Sunday, June 8, 2008

Willem Elsschot

As part of my Dutch Literature Project, I borrowed a volume by the Flemish writer Willem Elsschot (1882-1960) from the Cofrin Library at University of Wisconsin Green Bay. (All the public universities in Northeast Wisconsin joined to offer a shared library card for community users; it's great having that access.) The volume, published in the Biblioteca Neerlandica series in 1965, is blandly titled Three Novels. The translations are by A. Brotherton.

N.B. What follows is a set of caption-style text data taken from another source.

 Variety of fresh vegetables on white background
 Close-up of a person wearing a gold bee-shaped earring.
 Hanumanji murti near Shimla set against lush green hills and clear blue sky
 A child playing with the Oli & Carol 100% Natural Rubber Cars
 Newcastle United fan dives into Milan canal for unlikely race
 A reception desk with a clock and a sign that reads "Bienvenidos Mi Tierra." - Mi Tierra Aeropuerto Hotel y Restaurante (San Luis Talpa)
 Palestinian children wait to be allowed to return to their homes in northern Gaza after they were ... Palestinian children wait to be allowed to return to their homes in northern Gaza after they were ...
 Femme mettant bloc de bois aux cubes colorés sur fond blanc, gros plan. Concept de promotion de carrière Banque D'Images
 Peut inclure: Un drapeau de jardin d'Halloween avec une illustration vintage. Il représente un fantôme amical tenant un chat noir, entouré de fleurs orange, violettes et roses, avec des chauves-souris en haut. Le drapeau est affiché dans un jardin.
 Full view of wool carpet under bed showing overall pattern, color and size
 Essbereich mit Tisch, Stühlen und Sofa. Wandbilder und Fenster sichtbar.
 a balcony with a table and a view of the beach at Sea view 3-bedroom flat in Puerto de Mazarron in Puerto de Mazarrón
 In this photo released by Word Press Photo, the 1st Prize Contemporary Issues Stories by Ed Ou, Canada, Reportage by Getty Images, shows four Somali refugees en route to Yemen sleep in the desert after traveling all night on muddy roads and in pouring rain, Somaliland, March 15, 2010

"Three Novels" might be stretching it a bit; that sounds like a lot of material. The first, Soft Soap, which I just finished, is 139 pages, which certainly qualifies as a compact novel; the second, The Leg, is 57 pages, and the third, Will-o'-the-Wisp, is 40 pages, so those are at most novellas or long short stories. As I have noted in my prior excursions into Dutch literature, Soft Soap doesn't read in the least like a conventional novel. Oh, it has characters, and a theme, but no real plotting or suspense or the other common characteristics of a "novel." It reads more like a fictional demonstration of a truth -- and a brilliant demonstration at that.

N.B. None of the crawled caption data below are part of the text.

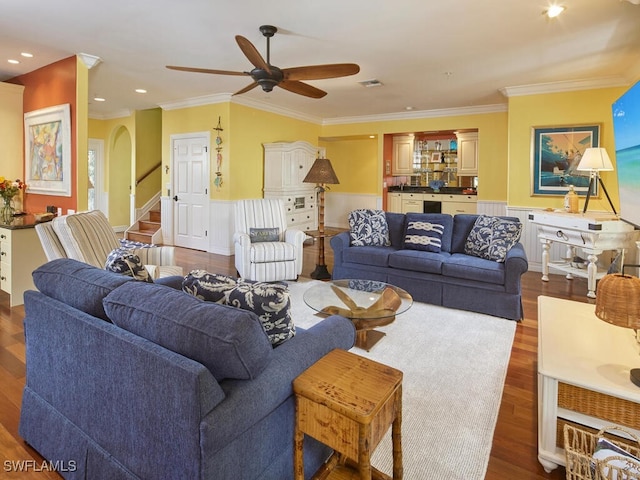 living room featuring ceiling fan, dark hardwood / wood-style flooring, and crown molding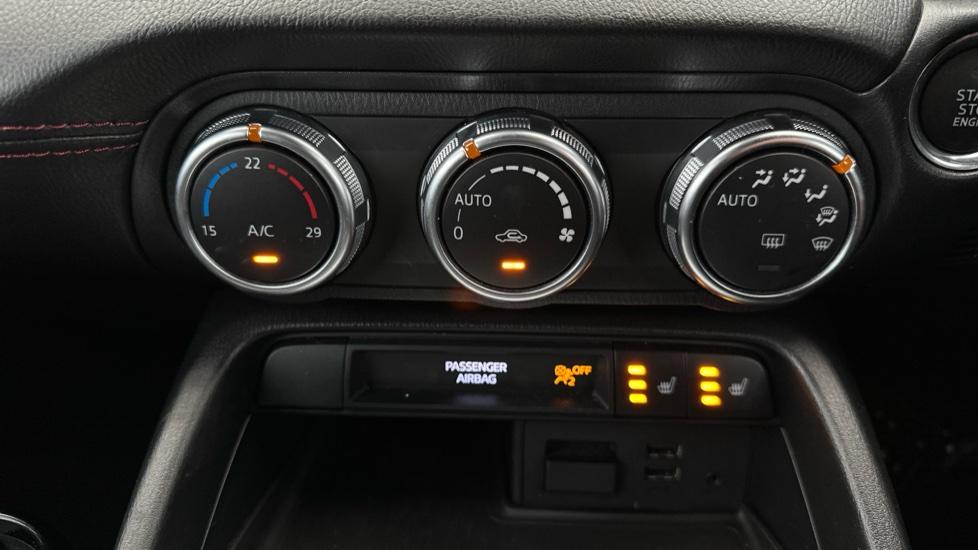 Air Conditioning  / Heated Seats 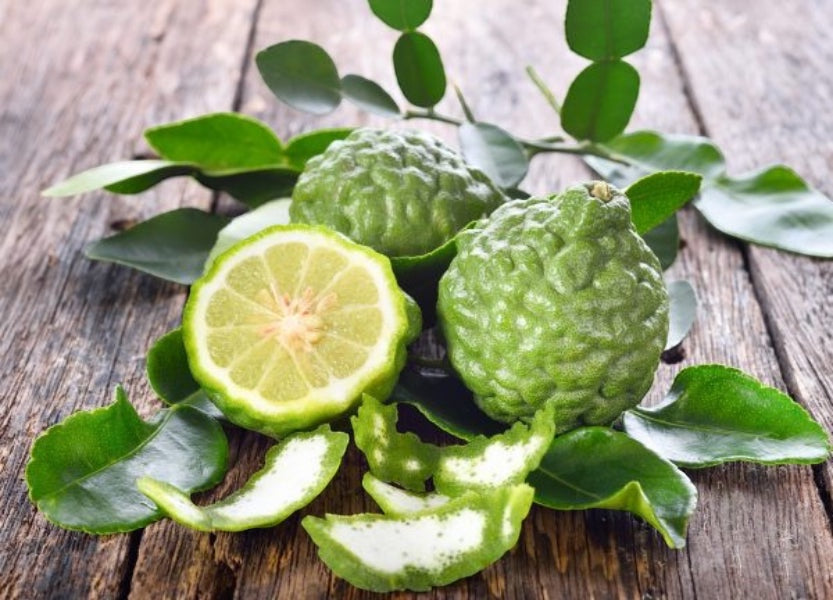 Eclectic La Provence bergamot and lemon citrus fruit with green leaves on a rustic wooden surface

Soft Soap, which shares characters with other productions in the Elsschot fictional universe, is set in the Antwerp business world of the 1920s. It is one of the best fictions about business I've ever read -- I'll pick that subject up in a later post. Elsschot's two "perpetrators," Boorman and Laarmans, "soft soap" (and sometimes near-blackmail) businesses into ordering stacks of what looks like an independent publication but is in fact fully paid for marketing literature. This is not an uncommon practice even today; the book has a decidedly timeless feel in a business sense. Boorman, and Laarmans as his protege, are shrewd operators as salesmen, and as a marketer Boorman is in fact a puffer of genius; he can extemporize copy that sounds great (pure b.s., of course, but that's marketing for you). It is the borderline legitimacy and near humanity of these skunks that makes Soft Soap more complex than an Onion-type satire.

Martin Seymour-Smith in his Guide to Modern World Literature says of Elsschot, "He is an unsensational, sophisticated, parodic, tender realist of genius: a delightful writer, and a major one. Elsschot is full of subtle feeling..." Now that is a lot of adjectives, but it also seems like a completely accurate description after reading Soft Soap. I'll be reading all of Elsschot that exists in English translation.

So the Dutch Literature Project has spawned a sub-project on Willem Elsschot; and Soft Soap also falls squarely in my Business Fiction Project. This is an entirely characteristic progression for me. As Yogi Berra said, "When you come to a fork in the road, take it!" I interpret that to mean, take all of them.